Avec le temps, l’Empire fondé en Russie par les épigones du Tchinguiz-Khan, restauré par les lieutenants de Timour, alla s’affaiblissant et se disloquant, moins sous les coups des princes chrétiens slaves que par l’incapacité des peuples turco-mongols à dépasser un certain stade de civilisation. Les petits despotes russes, qui baisaient l’étrier d’or du Khan des Tatars, étaient en fait à peu près indépendants dans leur fief et finirent par s’émanciper complètement. « Les princes de Moscou, écrit l’historien Karamzine, prirent l’humble titre de serviteurs des Khans, et c’est par-là qu’ils devinrent de puissants monarques. » « Les premiers tsars de Moscovie furent les descendants politiques non des princes russes, mais des Khans tatars ; » Alfred Rambaud, qui cite ce jugement de Wallace, ajoute : « Les principautés russes auraient sans doute fini par se fondre dans une même domination, mais l’unité russe se serait faite, comme l’unité française, sans détruire entièrement les autonomies locales, les privilèges des villes et les droits des sujets : c’est l’écrasement sous la domination mongole qui a étouffé tout germe de liberté politique. » Il suffit de comparer les conceptions russes de la monarchie et du gouvernement avec celles des autres peuples slaves plus occidentaux, plus européens, pour mesurer toute l’épaisseur de limon asiatique que les débordements périodiques du lointain Orient ont déposé sur le sol russe.

Depuis l’élimination progressive des dominations mongoles jusqu’à Pierre le Grand, la Russie garde son caractère et son décor asiatiques.
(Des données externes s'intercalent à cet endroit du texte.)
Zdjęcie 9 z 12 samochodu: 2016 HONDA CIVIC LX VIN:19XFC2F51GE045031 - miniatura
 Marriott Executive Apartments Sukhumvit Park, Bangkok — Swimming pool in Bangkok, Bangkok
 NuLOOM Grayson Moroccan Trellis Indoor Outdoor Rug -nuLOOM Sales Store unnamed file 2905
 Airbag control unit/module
Despotisme sans frein, tragédies de famille, atroces cruautés, réclusion des femmes dans le terem, longues robes de soie et de fourrure, barbes et bonnets, tout cela c’est l’Asie et c’est aussi Byzance ; mais Byzance elle-même était plus asiatique qu’hellénique, si bien que la Russie est en quelque sorte au confluent d’un doublé courant de corruption et de barbarie asiatique dont l’un vient du Bosphore et l’autre de la Mongolie et du Turkestan.